Source data:
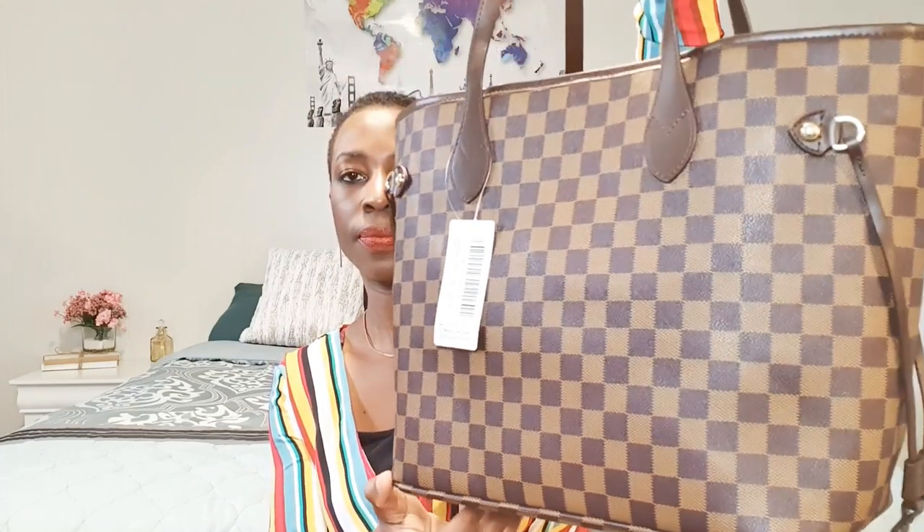Finally, I saved the best for last — this is the Daisy Rose tote bag in brown checkered print. It's very similar to the Louis Vuitton Neverfull in the MM size. I'll give you a quick 360 of what it looks like. The bottom is actually quite hard, which is good.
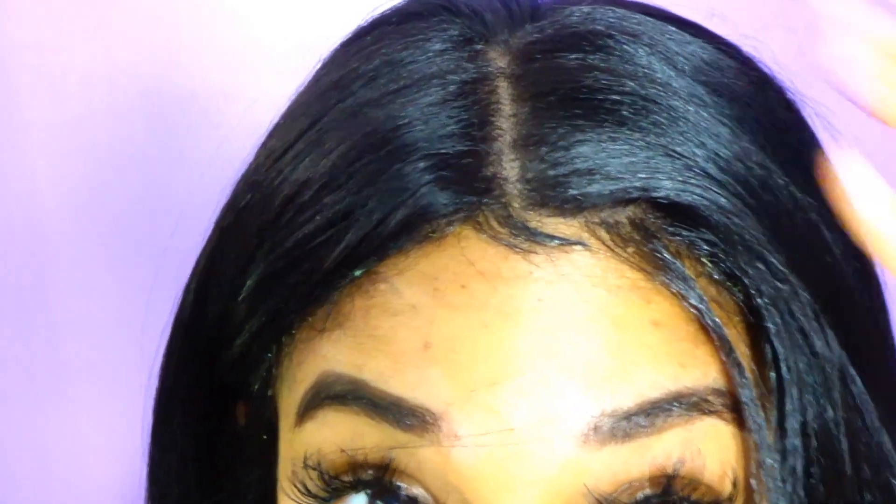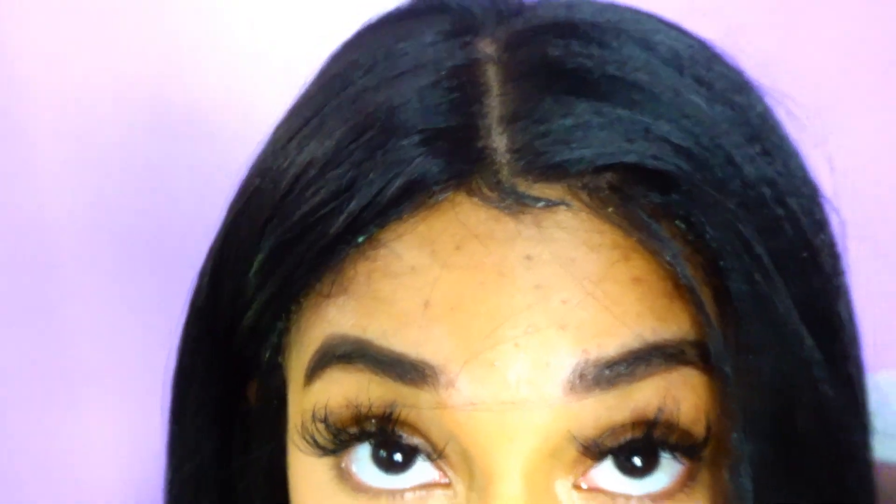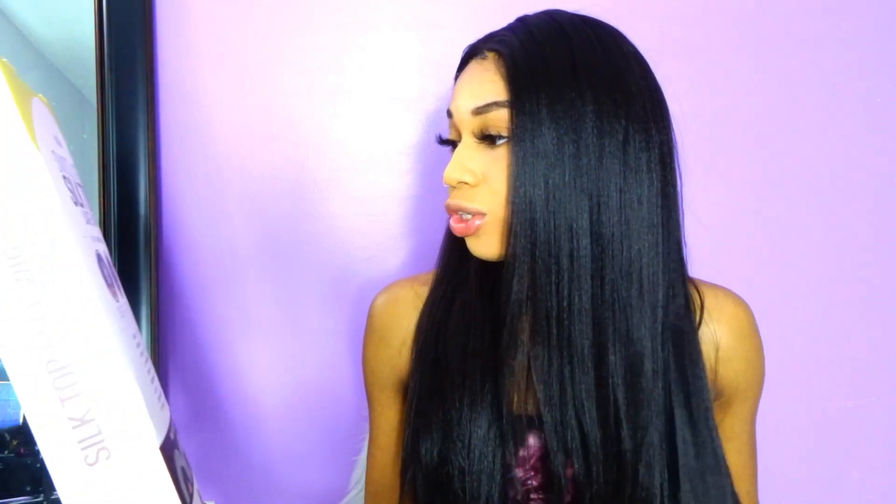It looks so natural, y'all! The parting for the middle is so gorgeous. This is the best wig that actually looks so natural — you do not have to pluck this hair whatsoever. I'll leave the price down below in the description box where you can get it from samsbeauty.com.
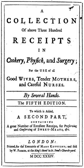Mary Ellen Snodgrass comments that the collection was for ordinary housewives, in parallel to court cookbooks.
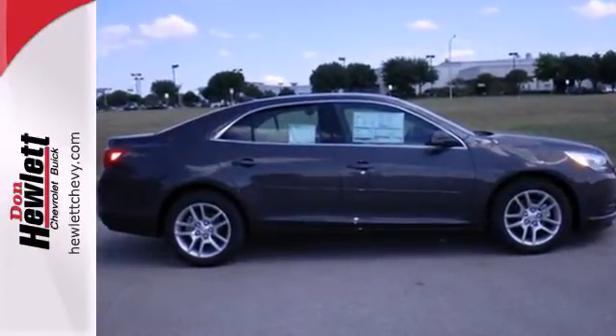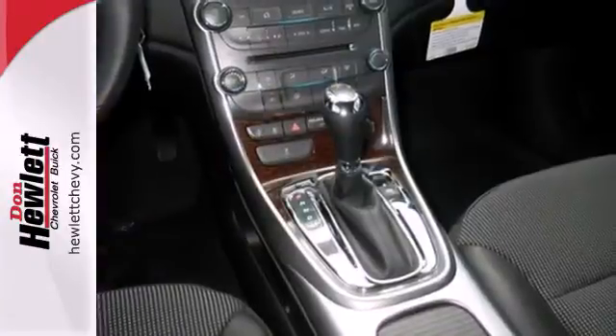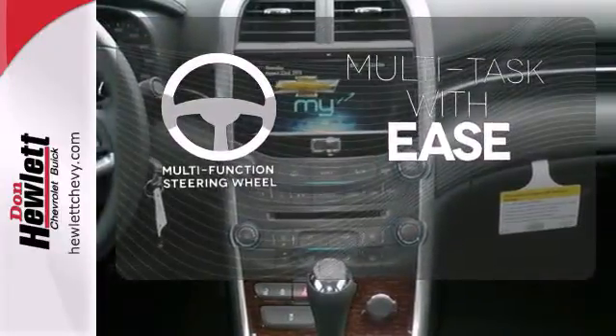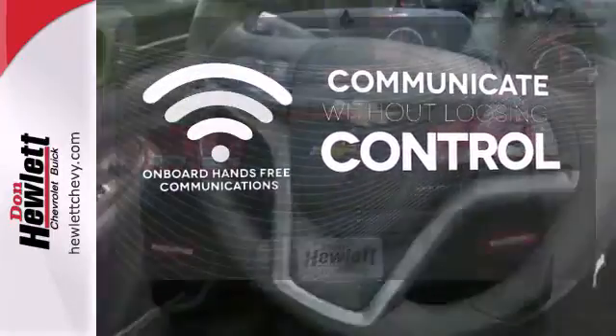It has modern safety features like stability and traction control, anti-lock brakes with brake assist, multiple airbags, as well as an emergency communication system. A multifunction steering wheel makes multitasking a touch easier. On-board hands-free communication keeps your hands on the wheel without compromise.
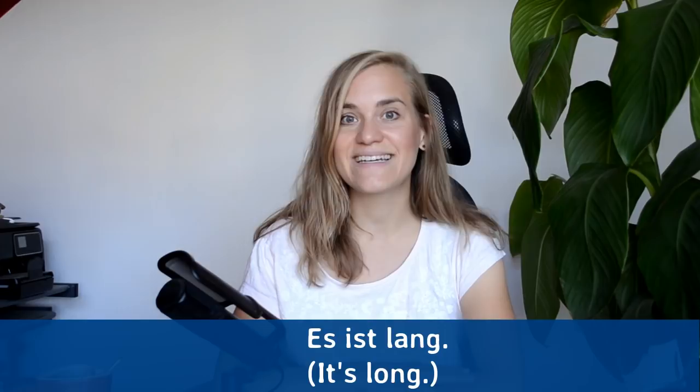Alright, now you know a bunch of new nouns and their articles. If you want to see my other videos for absolute beginners, you can check out my playlist right here. Danke schön fürs Zusehen. Bis zum nächsten Mal. Tschüss!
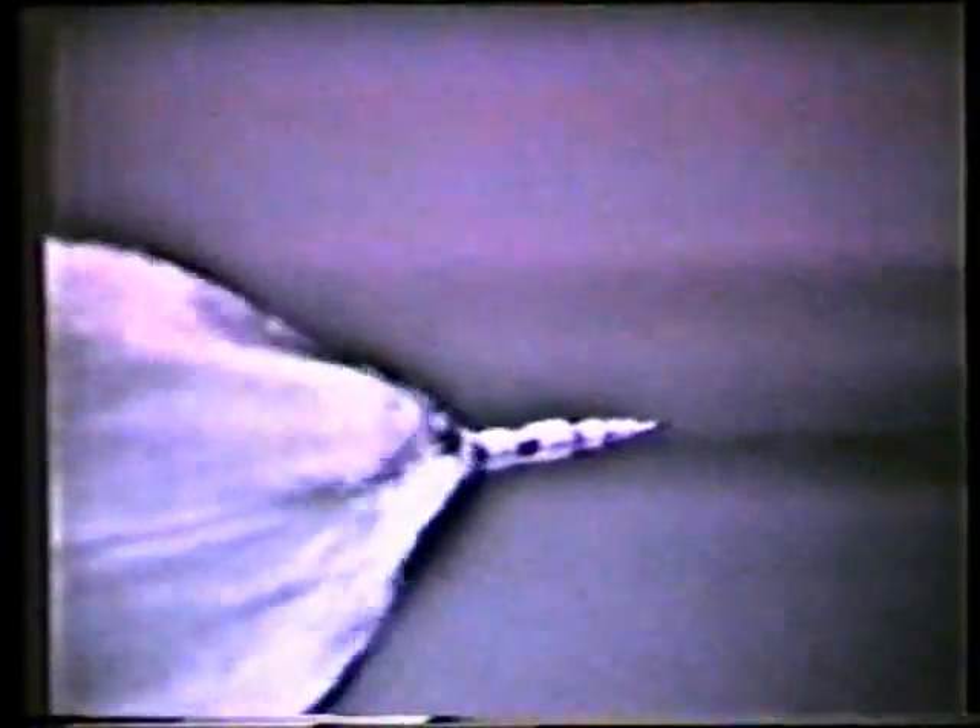You're seeing the first stage shutdown now. Two minutes, five seconds — coming up on center engine shutdown. Two minutes, 12 seconds — 20 nautical miles in altitude. Inboard cutoff. Center engine shutdown on time. That's two minutes, 25 seconds — 25 nautical miles in altitude, 30 nautical miles downrange. Another 15 seconds and all of those first stage engines cut down, the other four on the outer ring. Two minutes, 35 seconds — coming up on staging.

Problem details: Pictures excluded, reproduce only the part above that opens with the line holding "It looks so" and closes with the line holding "Mary Ellen Snodgrass", exactly as written.

Your response:
It looks so natural, y'all! The parting for the middle is so gorgeous. This is the best wig that actually looks so natural — you do not have to pluck this hair whatsoever. I'll leave the price down below in the description box where you can get it from samsbeauty.com.
Mary Ellen Snodgrass comments that the collection was for ordinary housewives, in parallel to court cookbooks.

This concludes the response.